On 3 March 2008, when the husband’s oral application to amend his application to rely on s 79A(1A) was agitated, the wife’s counsel submitted that if the application had been properly made, he would not have sought summary dismissal of the application, nor was that the application he was currently pursuing (Transcript, 3 March 2008, p 8).
It is clear from the terms of his Honour’s orders that he did not consider the case before him as though the amendment had been permitted, and he was thereafter dealing with a summary dismissal application.

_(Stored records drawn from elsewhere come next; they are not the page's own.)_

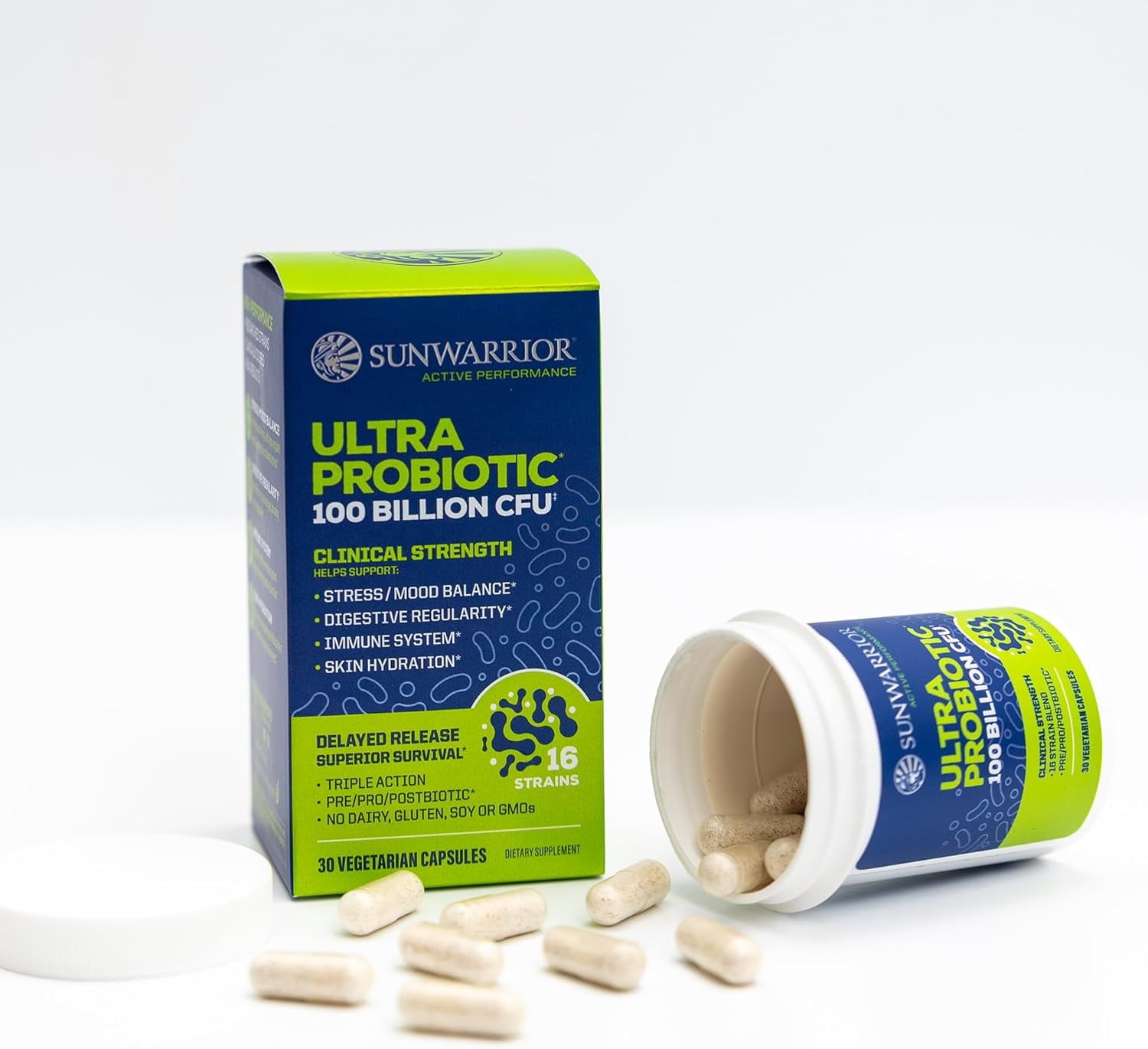 Sunwarrior Active Performance Ultra Probiotic Capsules for Gut Health, 100 Billion CFU, 30 Count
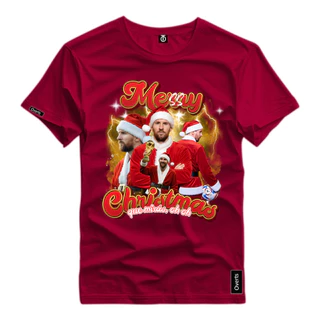 Camiseta Masculina Estampa Merry Christmas Messi Futebool Craque Camisa Natal 2025 Top Malha Premium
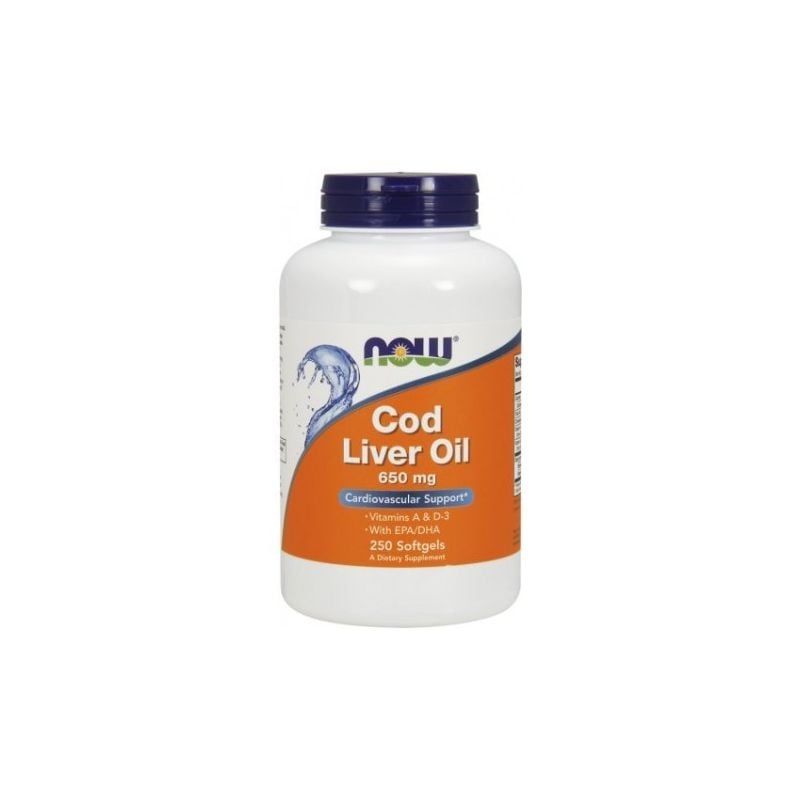 NOW Foods - Cod Liver Oil, 650mg - 250 softgels billede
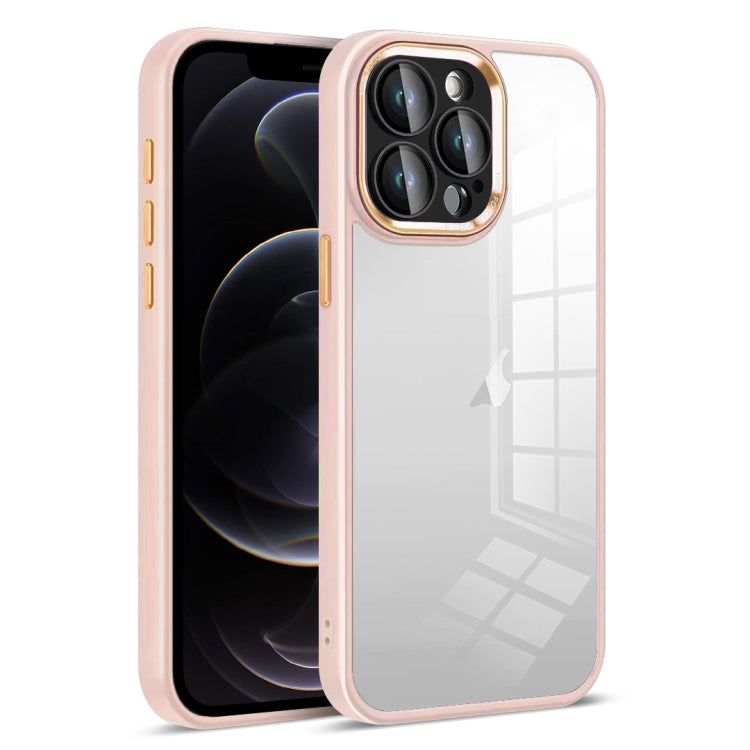 For iPhone 12 Pro Colorful Armor Lens Film Transparent Phone Case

Rather we are satisfied, although not articulated by his Honour in his first judgment, that his Honour’s refusal to extend time to allow the amended application filed on 26 February 2008 to be relied on as the application for final orders, and the subsequent dismissal of the husband’s oral application to amend under s 79A(1A) was open to him by reason of:
· the delay in filing the amended application notwithstanding correspondence from the wife’s solicitors;
· a lack of adequate explanation for the failure to comply with the orders of 23 October 2007; and
· the very late application to amend under s 79A(1A) on the first day of the trial.
Whilst his Honour’s reasons are brief, we are satisfied they conform with the principles expanded in such authorities as The State of Queensland & Anor v JL Holdings Pty Ltd. Thus we are satisfied no error of principle has been demonstrated, and accordingly leave to appeal should be refused.
We think it important to note because of the potential confusion which may arise in the future by reason of his Honour’s reference to Div 13.3 of the rules that, as acknowledged by both counsel before us, there has been no judicial consideration of the husband’s potential application under s 79A(1) or s 79A(1A) or summary dismissal of such an application. Thus it is clear, should the husband be so advised, he may file, at any time, a fresh application seeking relief under s 79A(1) or s 79A(1A). Thus the husband cannot be said to have suffered any substantial injustice as a result of his Honour’s decisions.
Costs
At the conclusion of the hearing before us we sought submissions from each party in respect of costs of the application. The husband’s counsel submitted that in considering whether an order should be made for costs the Court should have regard to the parties’ respective financial positions. He noted that the husband was in receipt of a pension, did not own property, and had no ability to meet a costs order.
The wife’s counsel submitted that the wife was not on legal aid and only in receipt of a modest salary of $400.00 per week net.
Notwithstanding the husband’s limited circumstances, we are satisfied that the husband should pay the wife’s costs of and incidental to this application. In so determining we note that the husband’s counsel conceded that the husband did not have to bring the application for leave to appeal, that no explanation was proffered for the husband’s delay which ultimately necessitated the application, and that neither party was in a strong financial position. We take these factors into account as well as the fact the husband has been wholly unsuccessful in this application. Accordingly we propose to order that the husband pay the wife’s costs of and incidental to the application for leave to appeal.
I certify that the preceding sixty five (65) paragraphs are a true copy of the reasons for judgment of the Honourable Full Court.